# Ground state 1d problems

1. Mar 16, 2013

### LagrangeEuler

Is there some mathematical prove that for ground state in QM problems wave function doesn't have any zeros?

2. Mar 16, 2013

Staff Emeritus
Yes there is.

3. Mar 16, 2013

### LagrangeEuler

Could you tell me some reference or link where I can find it.

4. Mar 16, 2013

Staff Emeritus
You can prove it yourself. Look at the time-independent energy operator, and ask what that tells you about the slope of the wavefunction. Then, ask yourself what nodes in the wavefunction mean to the slopes.

5. Mar 16, 2013

### LagrangeEuler

I have shown that for infinite square well and linear harmonic oscillator, but I don't know how to show that for any potential $V(x)$.
$$\frac{d^2\phi}{dx^2}+\frac{2m}{\hbar^2}(E-V(x))\phi(x)=0$$
That means that $\frac{d\phi}{dx}=0$, $\frac{d^2\phi}{dx^2}<0$

6. Mar 16, 2013

Staff Emeritus
Hint: deivative of the wavefunction.

7. Mar 16, 2013

### LagrangeEuler

I don't understand. Wave function in ground state has one maximum. So for some $x=a$, $\frac{d\phi}{dx}|_{x=a}=0$, $\frac{d^2\phi}{dx^2}|_{x=a}<0$ and point $a$ is unique in the whole region. Right? I think that is the logic, but I still don't know how to prove that.

Last edited: Mar 16, 2013
8. Mar 16, 2013

Staff Emeritus
Hint: average value of the derivative of the wavefunction

9. Mar 16, 2013

### LagrangeEuler

Average value of derivative of wave function is zero. Right?
$$\frac{1}{b-a}\int^b_a \frac{d\psi}{dx}dx=\frac{1}{b-a}(\psi(b)-\psi(a))$$
This is result for any state, and not just for ground state.

10. Mar 16, 2013

Staff Emeritus
OK, absolute value...or square. I'm trying to get you to think, not calculate.

11. Mar 16, 2013

### LagrangeEuler

I'm trying. Ground state must have one stationary point $\frac{d\phi}{dx}|_{x=a}=0$. All other states has more then one stationary point. That stationary point is maximum, so $\frac{d^2\phi}{dx^2}|_{x=a}<0$. From some point to $a$ function $\phi(x)$ increase, and then decrease. Maybe u want me to see that the point $a$ is in the middle of this two intervals. That's the case in the problem that I saw till now.

12. Mar 21, 2013

### LagrangeEuler

I tried to prove but I still don't know how. Tnx for your answer.

13. Mar 21, 2013

### stevendaryl

Staff Emeritus
14. Mar 22, 2013

### Avodyne

Suppose you have a wave function with a simple zero at x=a. Thus, near x=a we can write ψ(x)=c*(x-a), where c is a constant.

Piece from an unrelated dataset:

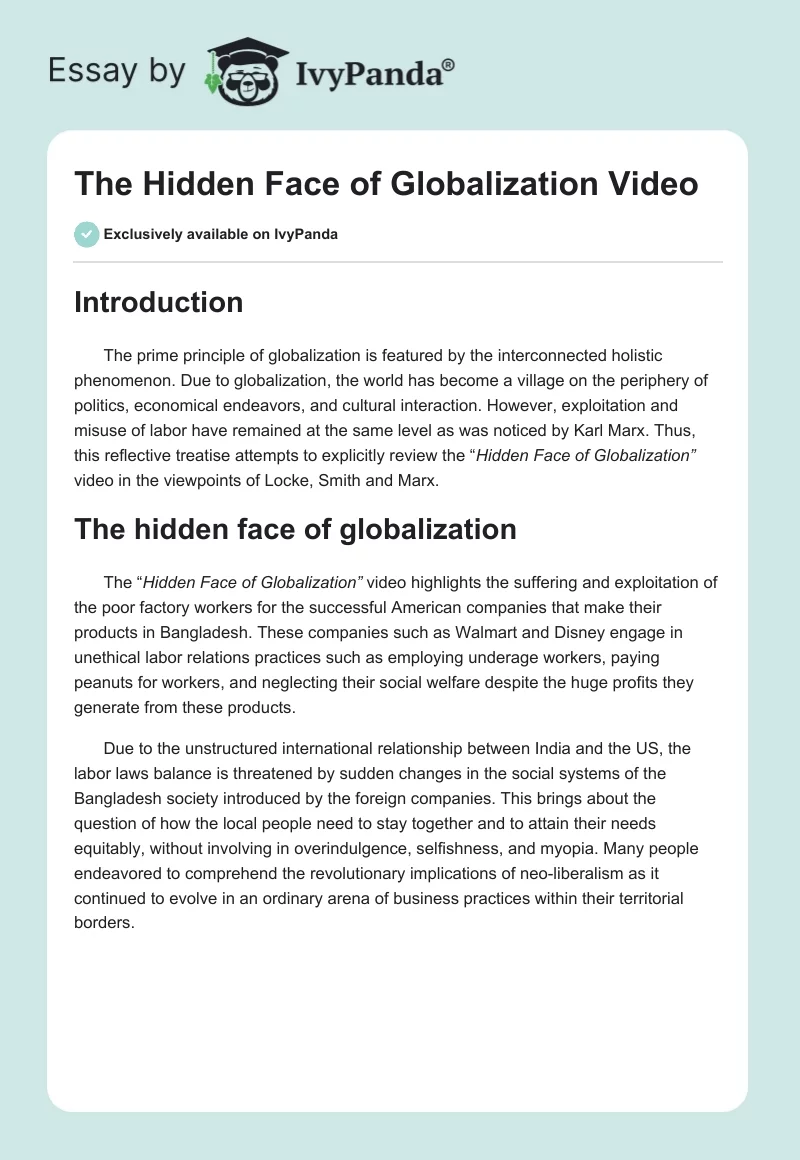 The Hidden Face of Globalization Video. Page 1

Let ε be a small length, and consider the following alternative wave function:
χ(x) = -ψ(x) for x < a-ε
χ(x) = cε (that is, constant) for a-ε < x < a+ε
χ(x) = +ψ(x) for x > a+ε

Compute the expectation value of the hamiltonian in ψ and in χ, and show that the expectation value in χ is smaller than it is in ψ. This implies that ψ cannot be the ground state, because the ground state minimizes the expectation value of H. Therefore, ψ cannot have a zero.

15. Mar 22, 2013

### stevendaryl

Staff Emeritus
Very nice argument.

16. Mar 22, 2013

### DrDu

I think the book by Messiah, Quantum Mechanics, also has a nice proof based on the Wronskian.